▶ WHAT YOU WILL DO: Nothing but the lines from the one containing "A bed or beds in a room at Manesis Suites" through the last line of the records belongs in the answer, copied exactly and with the pictures left out.

▶ INPUT MATERIAL:

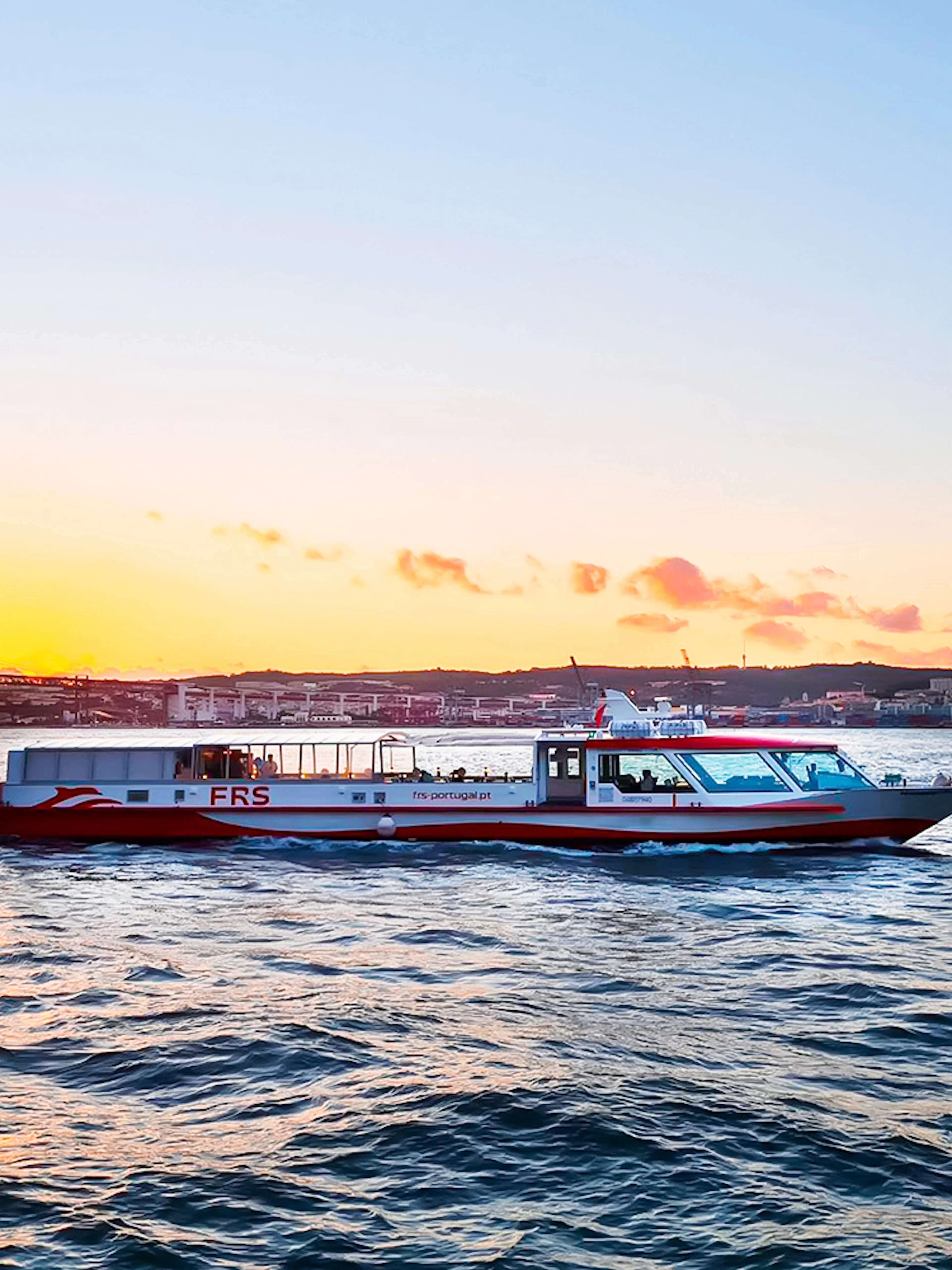 Cruise boat on Tagus River at sunset with Lisbon's skyline in the background.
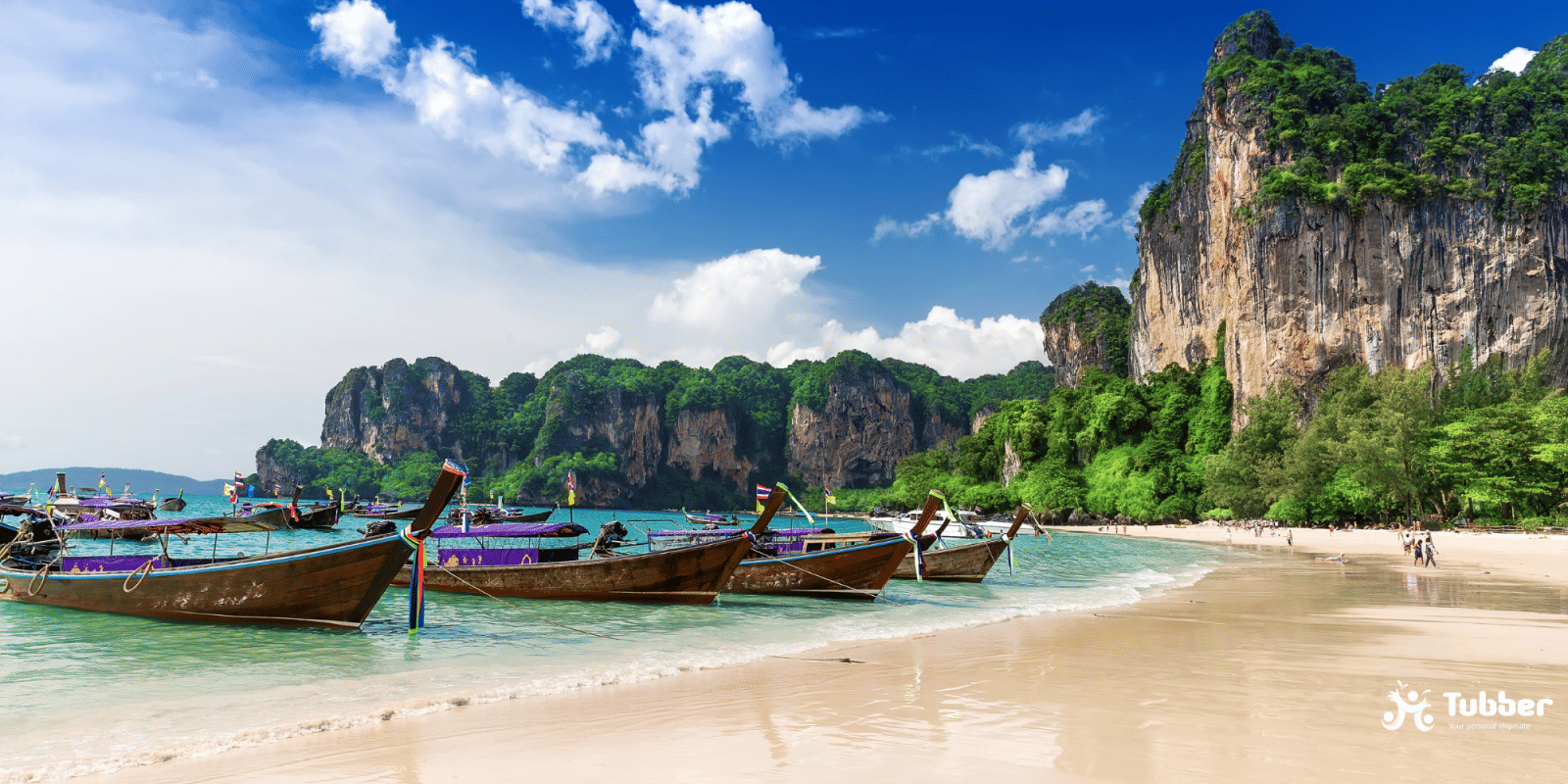 Longtail boats resting along Railay Beach with towering limestone cliffs and clear blue skies in Krabi, Thailand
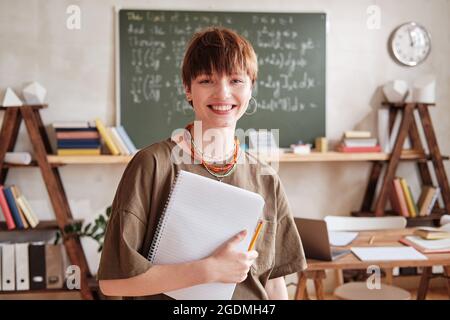 Portrait of happy young teacher with books smiling at camera while standing in empty classroom at school Stock Photo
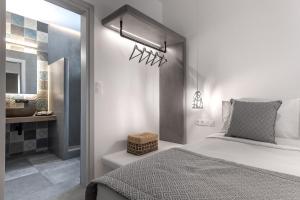 A bed or beds in a room at Manesis Suites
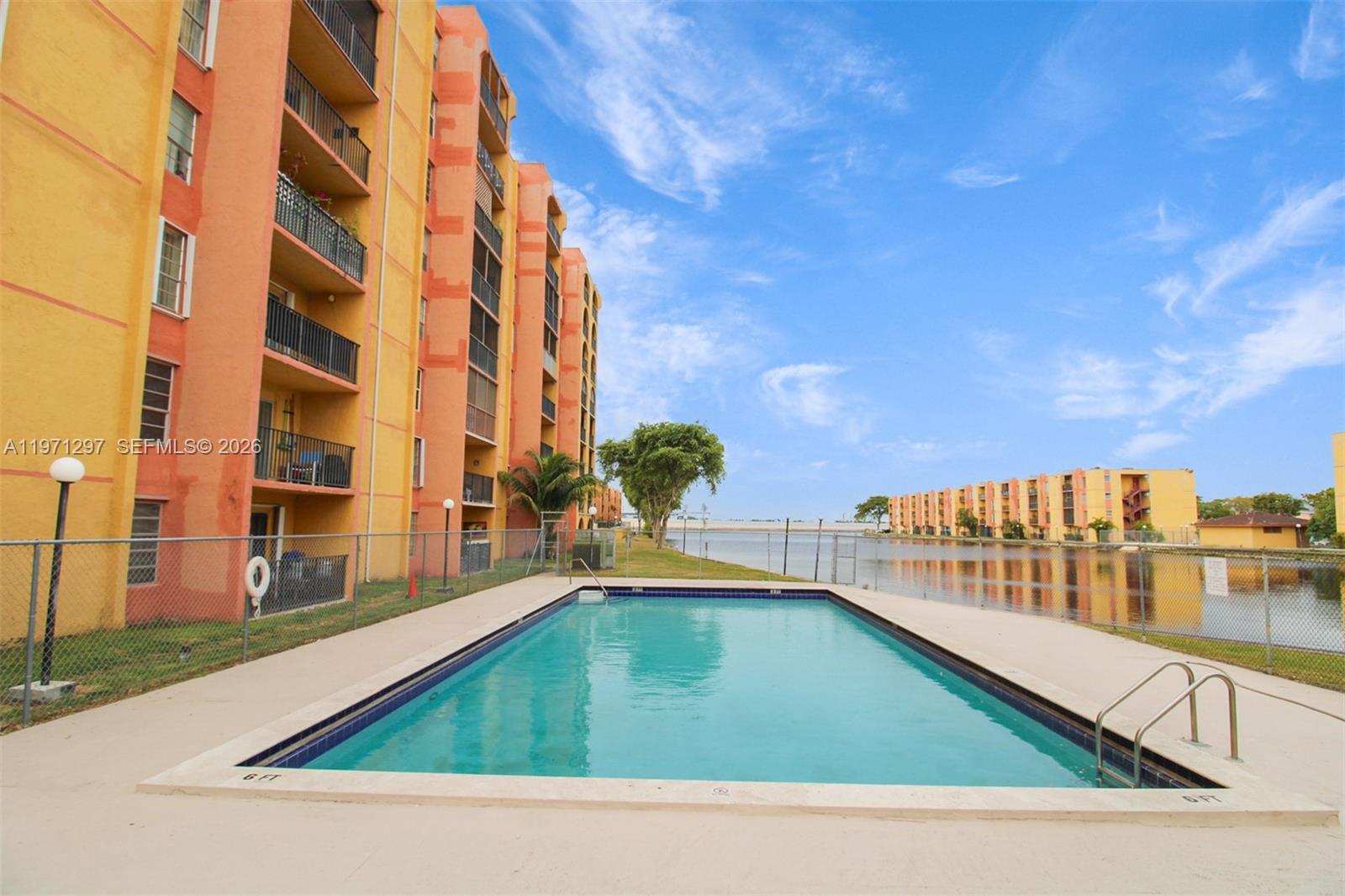 A rectangular swimming pool sits beside a multi-story apartment building and a lake — 4717 NW 7th St # 10, Miami FL 33126, MIAMI, FL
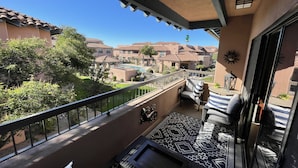 Ein Balkon mit einem gemusterten Boden, einem Stuhl und einem Tisch.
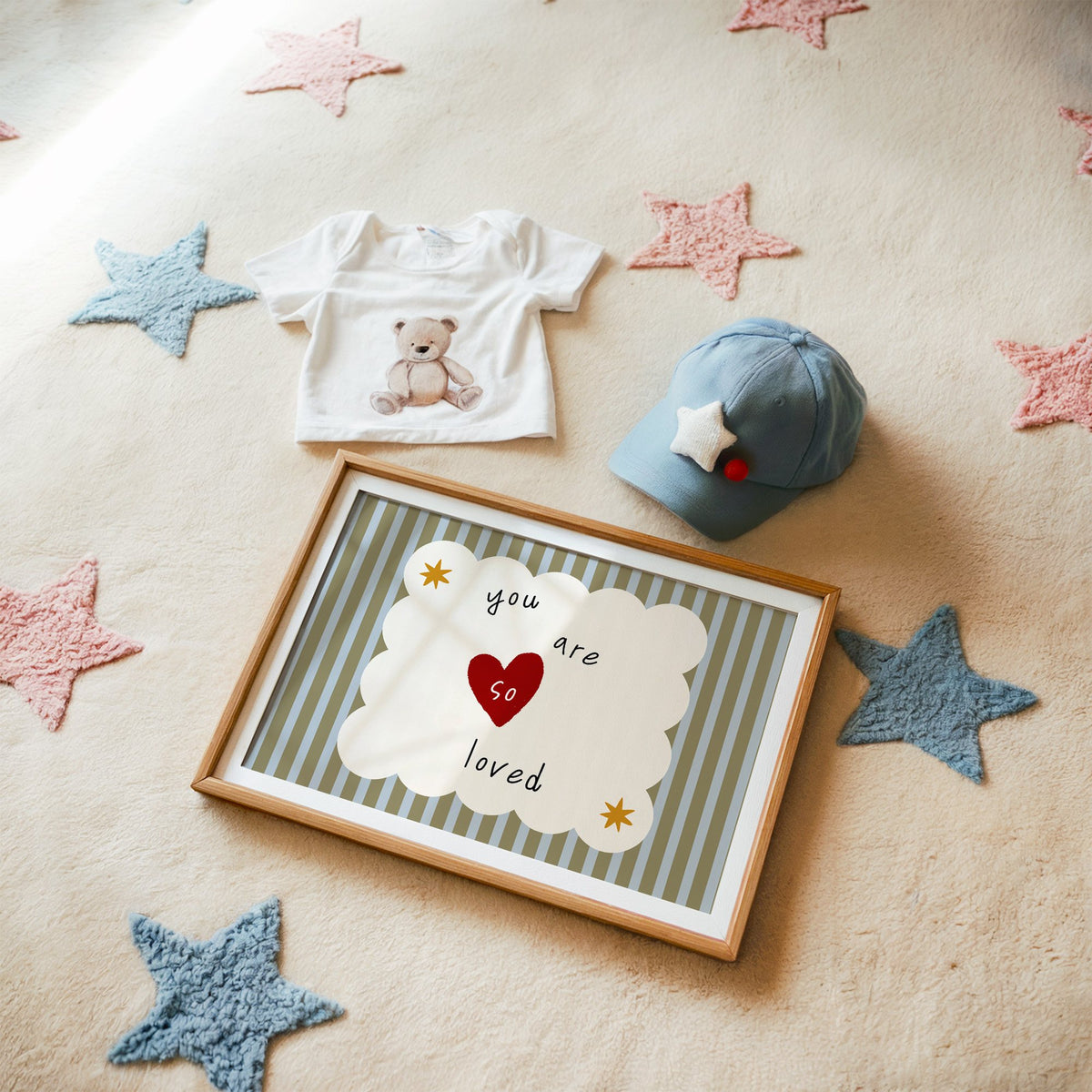 Landscape you are so loved heart nursery print in a matted oak frame on a star rug with a baby tee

▶ ANSWER BOX:
 A bed or beds in a room at Manesis Suites
 A rectangular swimming pool sits beside a multi-story apartment building and a lake — 4717 NW 7th St # 10, Miami FL 33126, MIAMI, FL
 Ein Balkon mit einem gemusterten Boden, einem Stuhl und einem Tisch.
 Landscape you are so loved heart nursery print in a matted oak frame on a star rug with a baby tee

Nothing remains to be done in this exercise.